In der Nachricht stand folgendes.

Wir haben Ihre Söhne entführt. Anweisungen folgen! Schalten Sie die Polizei nicht ein dann passiert Leonardo, Raphael, Donatello und Michelangelo auch nichts.

Splinter wurde kreideblass. Der Alptraum eines jeden Vaters wurde wahr. Seine Söhne. Seine Lieblinge wurden gekidnappt. Schnell bekam auch das Fernsehen davon Wind.
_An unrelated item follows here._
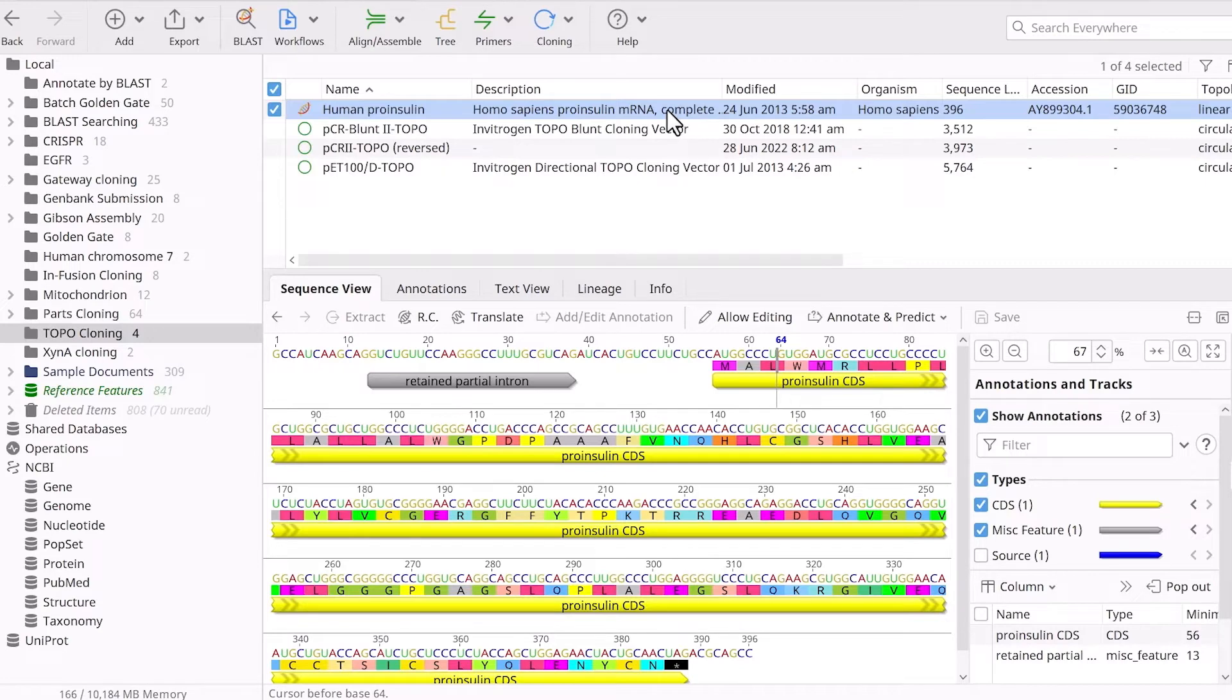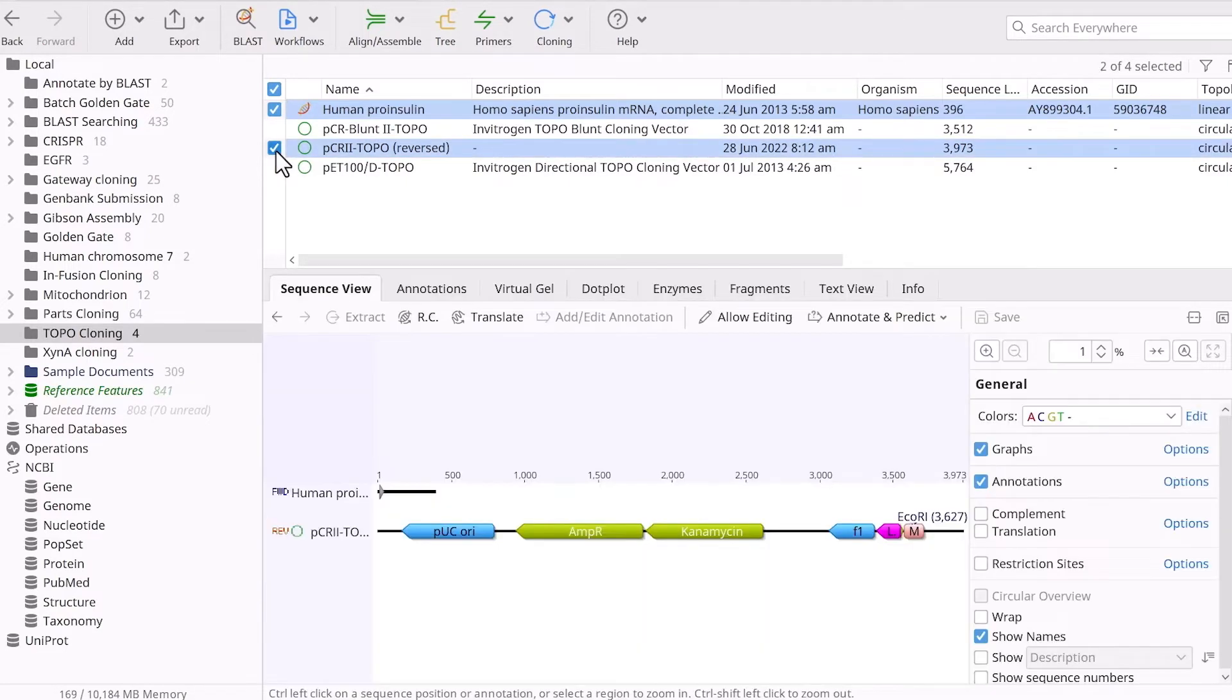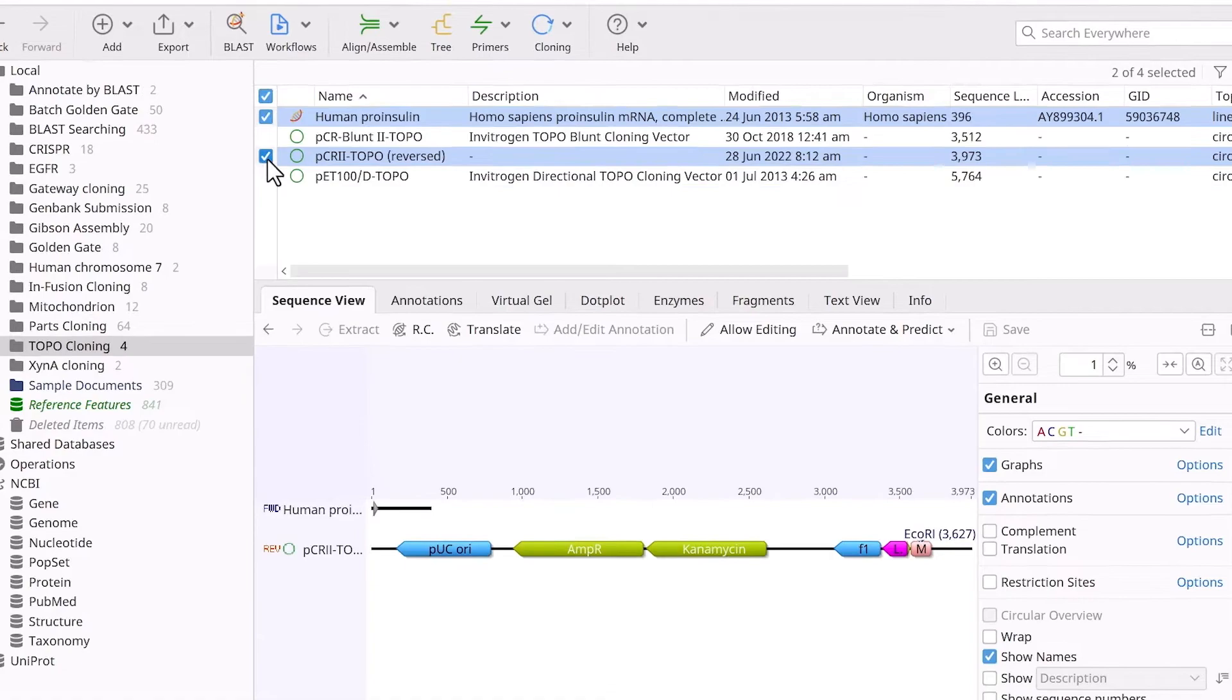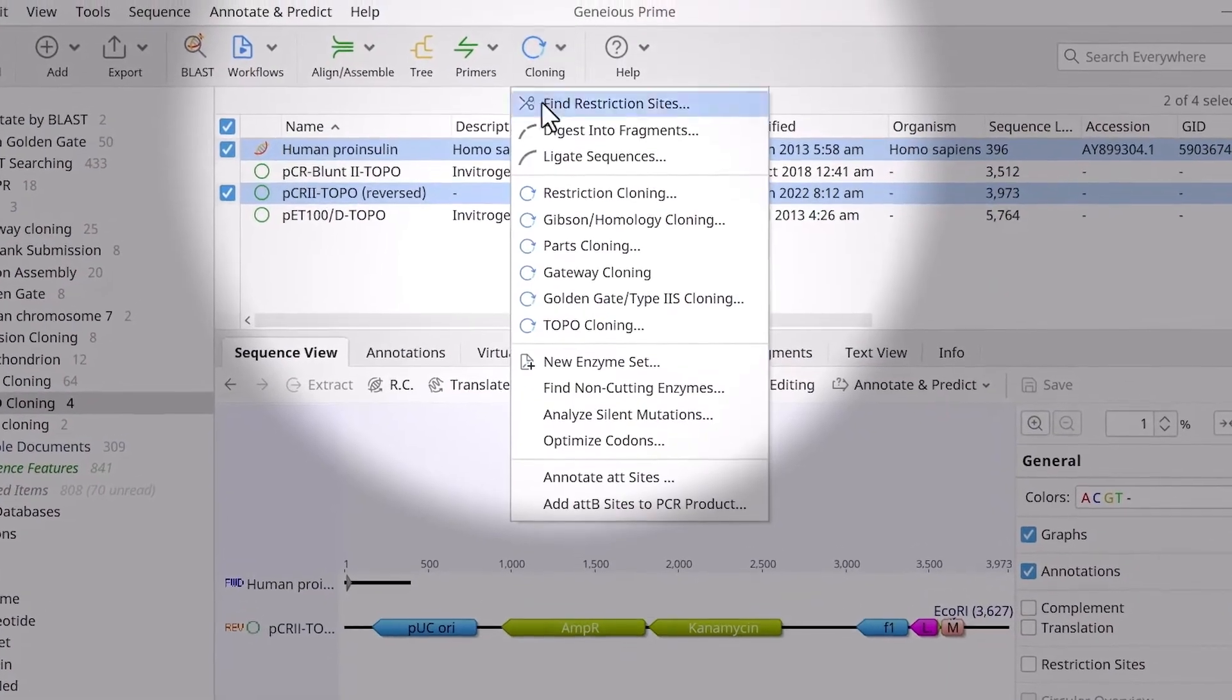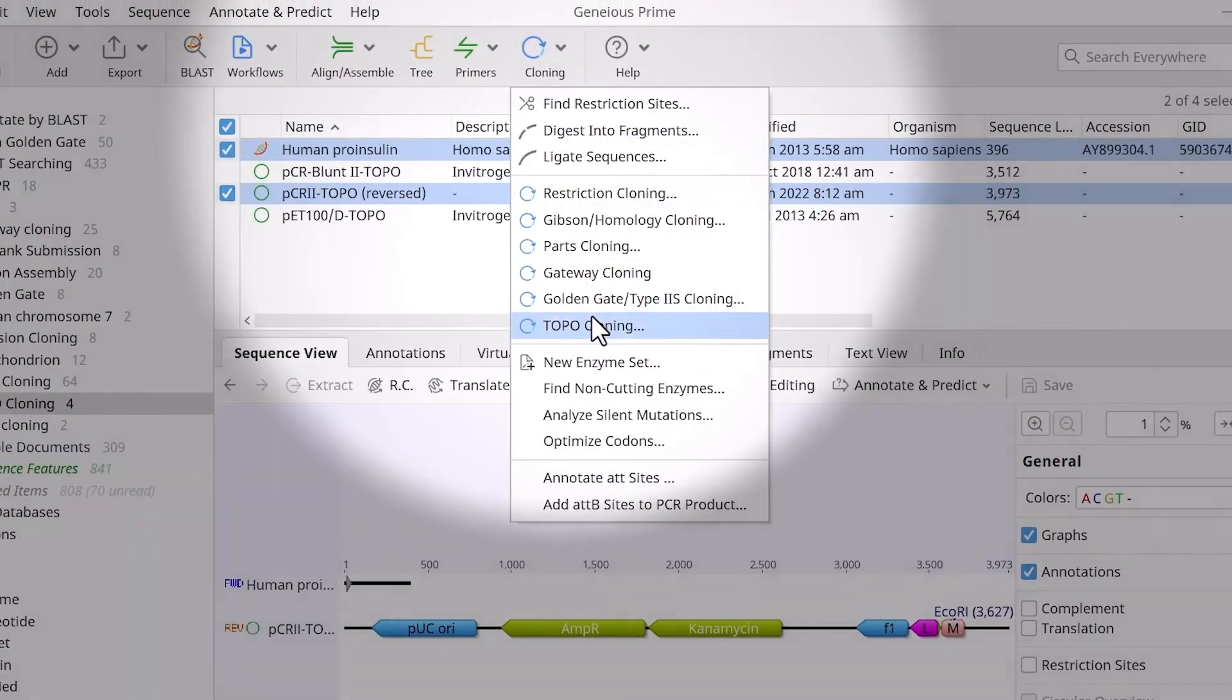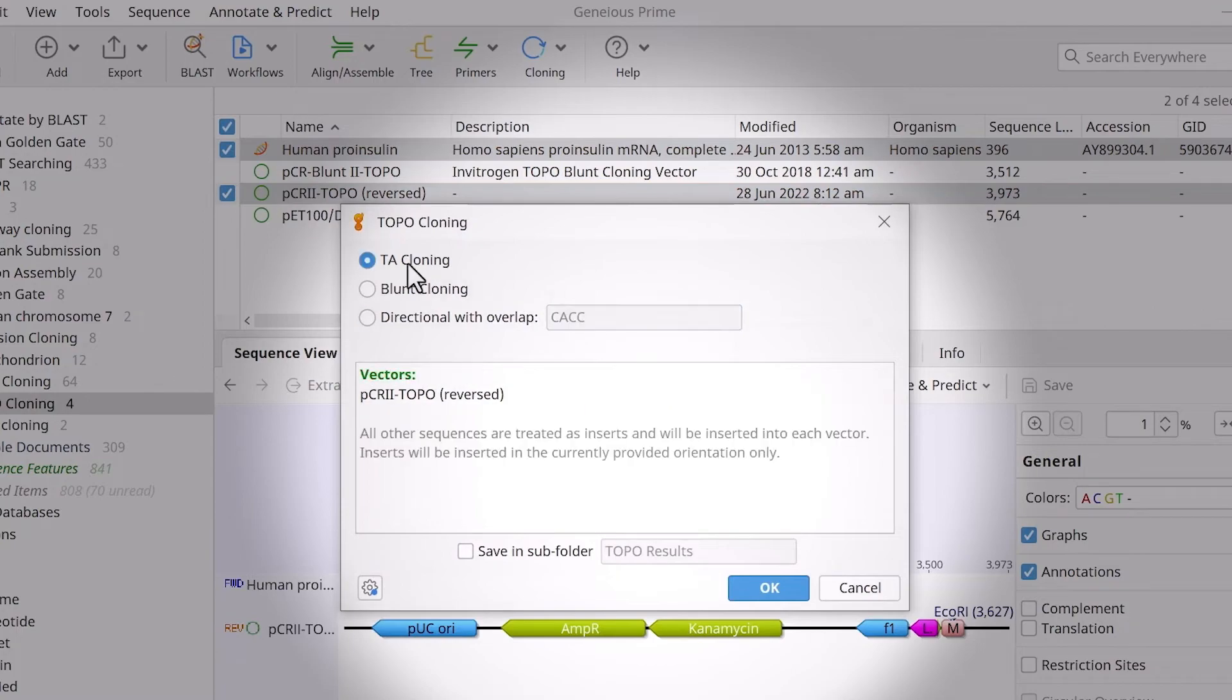With the vector and insert files prepared, you are ready to simulate the Topo TA cloning reaction. Select both the vector and insert sequence files, then go to Cloning and choose Topo Cloning. In the new window, ensure TA cloning is selected and click OK.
Am nächsten Tag wurde der Bericht im ganzen Land ausgestrahlt. " Ich stehe vor dem Haus der Hamatos wo sich gestern Nacht eine Tragödie abgespielt hatte als die vier fünfzehnjährigen Leonardo, Raphael, Donatello und Michelangelo Hamato aus ihren Betten gerissen wurden und ihre Pizzaträume von fiesen Kidnappern zerstört wurden. Ist der Schmerz so unermässlich Mr. Hamato, dass Sie sich wünschen Ihre Söhne wären nie geboren?," berichtete der Reporter kalt. " Oh man wie können Sie einen Vater so was fragen?," fragte er fassungslos. Die Polizei tappte seit dieser Nacht im Dunkeln. Sie hatten so viele Verdächtigen und so wenig Zeit. Splinter wartete ungeduldig auf ein Lebenszeichen seiner Söhne.